▶ [Action item]:
Using the records below, give again exactly the lines from the line that contains "Ferienwohnung Haeundae Ocean" through the line that contains "Snapshot of Soniya_Roy", both ends included, and only those.

▶ [Extracted material]:
□ □ □ □ □ □ □

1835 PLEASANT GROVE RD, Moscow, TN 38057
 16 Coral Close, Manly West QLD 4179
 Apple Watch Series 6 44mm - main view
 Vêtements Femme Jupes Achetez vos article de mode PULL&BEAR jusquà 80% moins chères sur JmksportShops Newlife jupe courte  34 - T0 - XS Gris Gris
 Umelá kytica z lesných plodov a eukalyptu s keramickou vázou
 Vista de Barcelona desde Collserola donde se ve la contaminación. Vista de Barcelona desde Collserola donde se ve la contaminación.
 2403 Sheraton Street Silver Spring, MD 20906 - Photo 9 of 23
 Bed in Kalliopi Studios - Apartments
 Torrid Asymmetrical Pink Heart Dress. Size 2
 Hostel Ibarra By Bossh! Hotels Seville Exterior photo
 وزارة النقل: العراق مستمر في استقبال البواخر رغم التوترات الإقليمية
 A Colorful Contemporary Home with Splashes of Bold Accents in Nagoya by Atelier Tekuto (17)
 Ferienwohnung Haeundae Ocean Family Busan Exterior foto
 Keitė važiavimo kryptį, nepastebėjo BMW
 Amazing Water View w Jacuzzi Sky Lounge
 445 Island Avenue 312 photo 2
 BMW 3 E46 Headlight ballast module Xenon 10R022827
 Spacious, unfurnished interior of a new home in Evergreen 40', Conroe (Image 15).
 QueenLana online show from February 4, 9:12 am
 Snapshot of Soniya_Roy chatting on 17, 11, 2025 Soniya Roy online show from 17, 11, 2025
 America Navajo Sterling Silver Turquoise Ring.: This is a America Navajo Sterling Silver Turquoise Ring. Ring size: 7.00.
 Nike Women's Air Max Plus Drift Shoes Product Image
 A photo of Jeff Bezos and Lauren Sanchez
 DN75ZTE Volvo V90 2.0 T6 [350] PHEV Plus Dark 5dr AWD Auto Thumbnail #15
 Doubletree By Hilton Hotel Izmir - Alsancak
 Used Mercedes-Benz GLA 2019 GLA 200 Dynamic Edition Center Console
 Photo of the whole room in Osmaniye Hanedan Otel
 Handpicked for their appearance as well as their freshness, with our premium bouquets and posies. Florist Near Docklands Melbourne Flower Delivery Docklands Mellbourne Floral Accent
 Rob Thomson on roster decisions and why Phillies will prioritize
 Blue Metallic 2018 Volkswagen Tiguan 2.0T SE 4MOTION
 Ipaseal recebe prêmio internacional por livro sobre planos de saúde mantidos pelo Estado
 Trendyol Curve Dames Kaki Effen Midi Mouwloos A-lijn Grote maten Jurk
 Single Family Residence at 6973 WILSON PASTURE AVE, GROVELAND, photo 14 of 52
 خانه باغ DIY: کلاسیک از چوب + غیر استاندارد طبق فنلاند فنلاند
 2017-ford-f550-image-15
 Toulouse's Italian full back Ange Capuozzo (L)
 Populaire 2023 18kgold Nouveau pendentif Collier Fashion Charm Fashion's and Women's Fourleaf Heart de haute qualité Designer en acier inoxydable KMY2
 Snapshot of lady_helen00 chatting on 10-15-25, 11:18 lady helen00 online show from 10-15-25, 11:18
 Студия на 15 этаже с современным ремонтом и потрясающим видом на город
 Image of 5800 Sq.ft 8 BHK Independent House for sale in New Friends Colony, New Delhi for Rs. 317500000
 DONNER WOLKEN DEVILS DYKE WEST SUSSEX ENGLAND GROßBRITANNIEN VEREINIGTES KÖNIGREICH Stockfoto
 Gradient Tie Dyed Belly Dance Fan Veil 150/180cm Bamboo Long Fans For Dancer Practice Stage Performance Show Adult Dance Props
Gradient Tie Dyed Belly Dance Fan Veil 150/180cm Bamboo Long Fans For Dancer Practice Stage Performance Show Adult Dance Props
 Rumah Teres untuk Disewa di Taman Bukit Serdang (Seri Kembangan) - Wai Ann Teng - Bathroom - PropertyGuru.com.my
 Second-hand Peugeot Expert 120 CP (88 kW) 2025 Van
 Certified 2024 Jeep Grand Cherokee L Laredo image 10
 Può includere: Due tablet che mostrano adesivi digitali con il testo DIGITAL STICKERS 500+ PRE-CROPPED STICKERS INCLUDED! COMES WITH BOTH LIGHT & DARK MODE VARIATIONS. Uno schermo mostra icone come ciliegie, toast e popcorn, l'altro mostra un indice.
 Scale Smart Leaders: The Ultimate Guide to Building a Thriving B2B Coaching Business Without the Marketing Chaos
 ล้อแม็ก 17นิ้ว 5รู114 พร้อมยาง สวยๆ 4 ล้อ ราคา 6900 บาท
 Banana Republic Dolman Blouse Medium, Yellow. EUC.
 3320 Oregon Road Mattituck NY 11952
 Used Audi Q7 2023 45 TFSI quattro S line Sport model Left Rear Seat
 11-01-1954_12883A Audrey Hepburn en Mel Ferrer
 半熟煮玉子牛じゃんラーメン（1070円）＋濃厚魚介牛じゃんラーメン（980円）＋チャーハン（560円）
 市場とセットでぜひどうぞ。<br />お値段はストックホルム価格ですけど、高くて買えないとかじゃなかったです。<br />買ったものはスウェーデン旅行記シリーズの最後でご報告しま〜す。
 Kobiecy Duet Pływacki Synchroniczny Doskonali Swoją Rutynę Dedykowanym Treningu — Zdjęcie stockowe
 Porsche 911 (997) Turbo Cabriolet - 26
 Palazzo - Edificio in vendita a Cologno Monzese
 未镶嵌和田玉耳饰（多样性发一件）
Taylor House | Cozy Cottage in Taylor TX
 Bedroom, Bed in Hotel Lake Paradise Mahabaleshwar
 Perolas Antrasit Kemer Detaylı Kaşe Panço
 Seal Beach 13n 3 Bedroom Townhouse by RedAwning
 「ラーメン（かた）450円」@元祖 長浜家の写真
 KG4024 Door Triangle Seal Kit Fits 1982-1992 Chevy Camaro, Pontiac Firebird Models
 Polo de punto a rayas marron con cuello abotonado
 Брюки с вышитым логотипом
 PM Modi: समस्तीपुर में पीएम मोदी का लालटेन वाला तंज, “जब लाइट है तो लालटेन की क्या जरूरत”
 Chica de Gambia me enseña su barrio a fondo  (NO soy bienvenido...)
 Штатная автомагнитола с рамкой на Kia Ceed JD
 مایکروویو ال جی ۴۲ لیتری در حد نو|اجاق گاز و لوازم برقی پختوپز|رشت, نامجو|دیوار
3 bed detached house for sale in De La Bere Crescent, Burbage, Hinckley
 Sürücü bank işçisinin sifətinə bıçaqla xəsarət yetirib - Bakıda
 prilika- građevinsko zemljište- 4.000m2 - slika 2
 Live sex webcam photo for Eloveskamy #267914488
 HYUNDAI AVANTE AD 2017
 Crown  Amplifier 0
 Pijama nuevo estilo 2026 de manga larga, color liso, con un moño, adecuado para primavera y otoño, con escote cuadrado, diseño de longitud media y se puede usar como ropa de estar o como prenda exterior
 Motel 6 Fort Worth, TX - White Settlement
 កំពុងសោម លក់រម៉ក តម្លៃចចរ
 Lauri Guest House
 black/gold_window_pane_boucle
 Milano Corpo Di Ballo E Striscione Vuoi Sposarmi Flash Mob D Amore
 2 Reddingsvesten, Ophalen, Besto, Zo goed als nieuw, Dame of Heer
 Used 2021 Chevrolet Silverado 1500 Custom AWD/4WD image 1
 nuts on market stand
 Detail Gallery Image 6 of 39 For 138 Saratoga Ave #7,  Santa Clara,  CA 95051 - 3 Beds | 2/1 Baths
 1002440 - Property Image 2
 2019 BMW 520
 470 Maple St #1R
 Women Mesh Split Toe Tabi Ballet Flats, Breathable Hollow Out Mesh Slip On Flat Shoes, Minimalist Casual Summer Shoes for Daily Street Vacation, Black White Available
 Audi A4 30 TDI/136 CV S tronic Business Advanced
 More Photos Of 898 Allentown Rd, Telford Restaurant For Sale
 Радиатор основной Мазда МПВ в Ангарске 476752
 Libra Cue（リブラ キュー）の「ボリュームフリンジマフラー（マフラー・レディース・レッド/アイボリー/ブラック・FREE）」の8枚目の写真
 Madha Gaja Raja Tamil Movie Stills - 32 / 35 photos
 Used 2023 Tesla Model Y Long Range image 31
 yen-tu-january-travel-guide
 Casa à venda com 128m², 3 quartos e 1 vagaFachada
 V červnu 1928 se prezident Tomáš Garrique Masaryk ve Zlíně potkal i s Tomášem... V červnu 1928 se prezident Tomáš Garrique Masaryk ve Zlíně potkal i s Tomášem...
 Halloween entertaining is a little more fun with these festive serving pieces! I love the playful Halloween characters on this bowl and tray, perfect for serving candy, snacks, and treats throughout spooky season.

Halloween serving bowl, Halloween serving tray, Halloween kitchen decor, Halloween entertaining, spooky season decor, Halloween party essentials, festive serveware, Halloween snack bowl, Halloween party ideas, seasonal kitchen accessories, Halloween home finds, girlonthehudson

□ □ □ □ □ □ □

▶ [Result of this task]:
 Ferienwohnung Haeundae Ocean Family Busan Exterior foto
 Keitė važiavimo kryptį, nepastebėjo BMW
 Amazing Water View w Jacuzzi Sky Lounge
 445 Island Avenue 312 photo 2
 BMW 3 E46 Headlight ballast module Xenon 10R022827
 Spacious, unfurnished interior of a new home in Evergreen 40', Conroe (Image 15).
 QueenLana online show from February 4, 9:12 am
 Snapshot of Soniya_Roy chatting on 17, 11, 2025 Soniya Roy online show from 17, 11, 2025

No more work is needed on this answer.